Show that $M=\{(x,y,z)\in \mathbb{R}^3 : x^2+y^2=z^2, z>0\}$ is a smooth 2-d manifold.

Question

Let $M=\{(x,y,z)\in \mathbb{R}^3 : x^2+y^2=z^2, z>0\}$. How do I show that M is a smooth 2-dimension manifold?

Answer 1

By the Implicit Function Theorem, a level set $f(x,y,z)=0$ is locally diffeomorphic to $\mathbb{R}^2$ at any point where the gradient $\nabla f(x,y,z)$ is nonzero.

Here, the relevant $f$ is $f(x,y,z)=x^2+y^2-z^2$, which has gradient $(2x,2y,-2z)$. That gradient is nonzero everywhere except the origin. In particular, it's nonzero for $z>0$, and $M$ is locally diffeomorphic to $\mathbb{R}^2$ everywhere. That makes it a smooth $2$-manifold.

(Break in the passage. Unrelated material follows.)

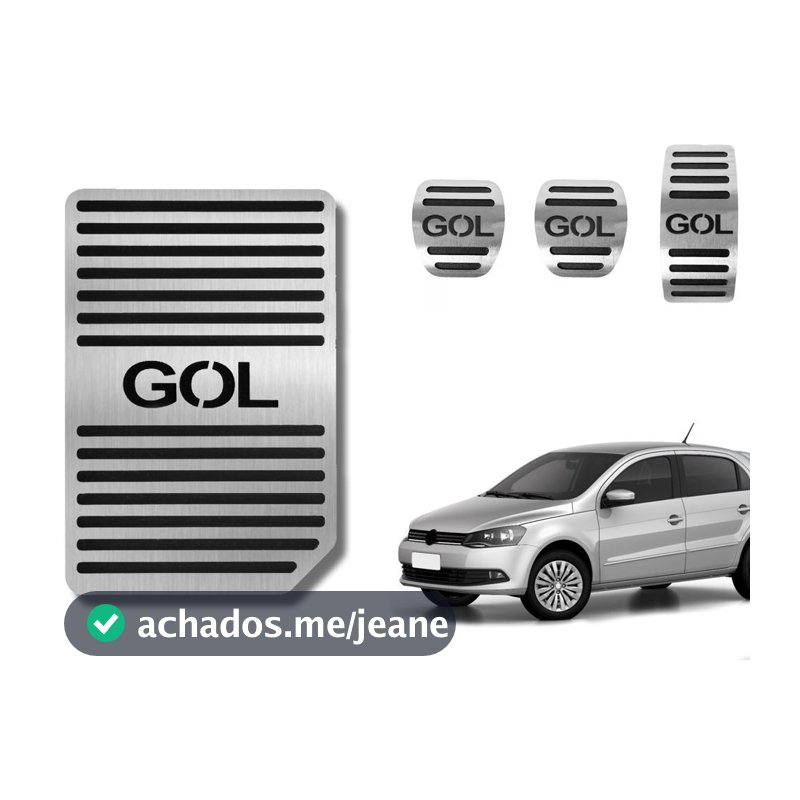 Kit Descanso De Pé + Pedaleira Aço Inox Vw Gol Manual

The IFT also tells us that, since the $z$-coordinate of the gradient is always nonzero, we can build smooth charts of the form $z=g(x,y)$. Solving that, we get $$z=\sqrt{x^2+y^2}\quad\text{for}\quad(x,y)\neq (0,0)$$ That's a smooth global diffeomorphism between $M$ and the punctured plane.